"Willst du mich?" fragt Graf Wetter vom Strahl in Heinrich von Kleists gleichnamigem Schauspiel-Klassiker am Ende das Käthchen von Heilbronn. Doch anstatt ihm das Jawort zu geben, beginnt die Hauptdarstellerin in der Neuinszenierung von Julia Prechsl mit den Worten "Das ist nicht meine Geschichte. Meine Geschichte ist ..." ihre Sicht der Dinge zu erklären und, teils auch in der Umgangssprache unserer Tage, dem Publikum mal so richtig lautstark mitzuteilen, wie sie sich eigentlich eine emanzipierte Beziehung zu einem Mann vorstellt. Währenddessen machen die Bühnenakteure nach und nach den Abgang, weil sie begriffen haben, dass aus diesem Hochzeitsfest nichts mehr wird.
Modern und abstrakt
Das ist der Abschluss einer Inszenierung, die am Regensburger Theater im Velodrom von Anfang an eine moderne und auch etwas abstrakte Machart an den Tag legt. Einige der Besucher, die deshalb in der Pause der Premiere schon gegangen waren, hätten wohl spätestens hier endgültig zuviel gehabt.

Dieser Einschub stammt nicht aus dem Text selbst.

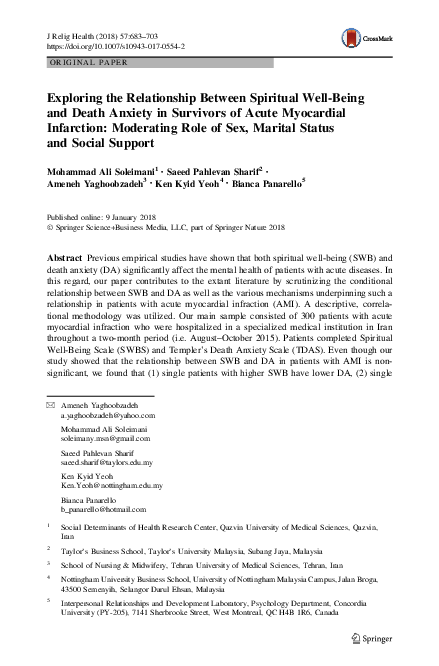 (PDF) Exploring the Relationship Between Spiritual Well-Being and Death ...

Und in der Tat kann man darüber streiten, ob man den Schluss wirklich in diese Richtung abbiegen sollte. Auch auf den Elektronik-Sound könnte man hier und da verzichten, da er die Atmosphäre nicht wirklich verdichtet, sondern manchmal schlicht nervt. Einfach nur Stille wäre an einigen Stellen effektiver gewesen.
Ein schmaler Grat
Aber diese Inszenierung hat durchaus kreative und originelle Einfälle und in zahlreichen Szenen wandelt Regisseurin Julia Prechsl geschickt auf dem schmalen Grat, der diesen Klassiker aus dem Jahre 1810 am Theater Regensburg für unser heutiges Publikum unterhaltsam und dennoch nicht überdreht oder verkitscht präsentiert.

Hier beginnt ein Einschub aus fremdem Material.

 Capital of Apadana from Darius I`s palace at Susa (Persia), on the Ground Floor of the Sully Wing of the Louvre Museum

Dazu gehören viele durchdachte Bewegungsabläufe und auch der Umgang mit dem abstrakten Bühnenbild von Birgit Leitzinger, das in Form einer überdimensionalen Blumenblüte mit beweglichen Blütenblättern viel Potential bietet. Auch die eher abstrakten und nur punktuell historisch angehauchten Kostüme von Olivia Rosendorfer komplettieren hier geschickt das Gesamtbild.
Laut und emotional
Ob allerdings die Hauptprotagonisten wirklich so oft sehr laute emotionale Ausbrüche an den Tag legen müssen, sei dahingestellt - auch deshalb, weil die ansonsten überzeugenden Akteure Inga Behring als Käthchen und Jonas Hackmann als Graf vom Strahl in diesen Ausbrüchen nicht immer noch in der Lage sind, verständlich zu artikulieren.

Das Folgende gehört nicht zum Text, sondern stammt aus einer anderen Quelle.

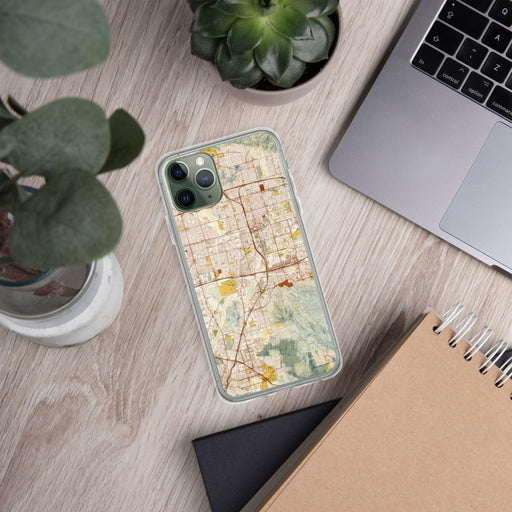 Custom Colton California Map Phone Case in Woodblock on Table with Laptop and Plant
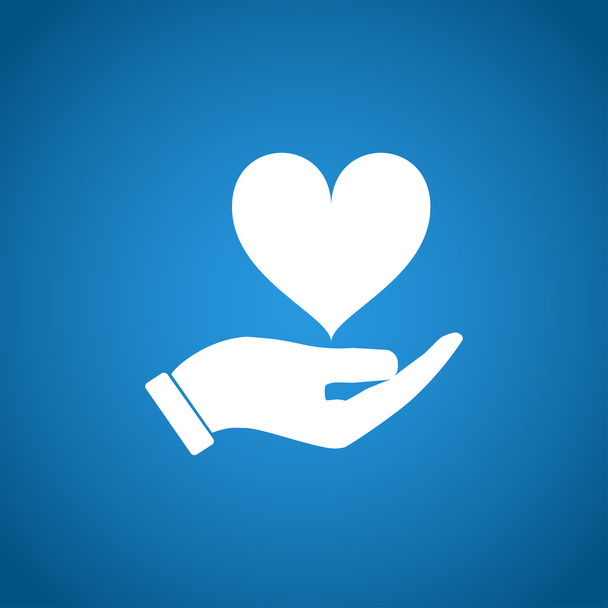 Векторная икона - руки, держащие сердце
 - Вектор,изображение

Thomas Weber als Gottschalk sorgt mit Fingerpicking für einen Hintergrundsound und zeigt seine Fähigkeiten auf der E-Gitarre. Auch Denia Nironen als Kunigunde von Thurneck, Gerhard Hermann in der Rolle des Theobald Friedeborn und alle weiteren Akteure agieren mit Leidenschaft und Ausdruck. Auch deshalb ist der anhaltende und intensive Premieren-Applaus im gut gefüllten Auditorium nicht unberechtigt.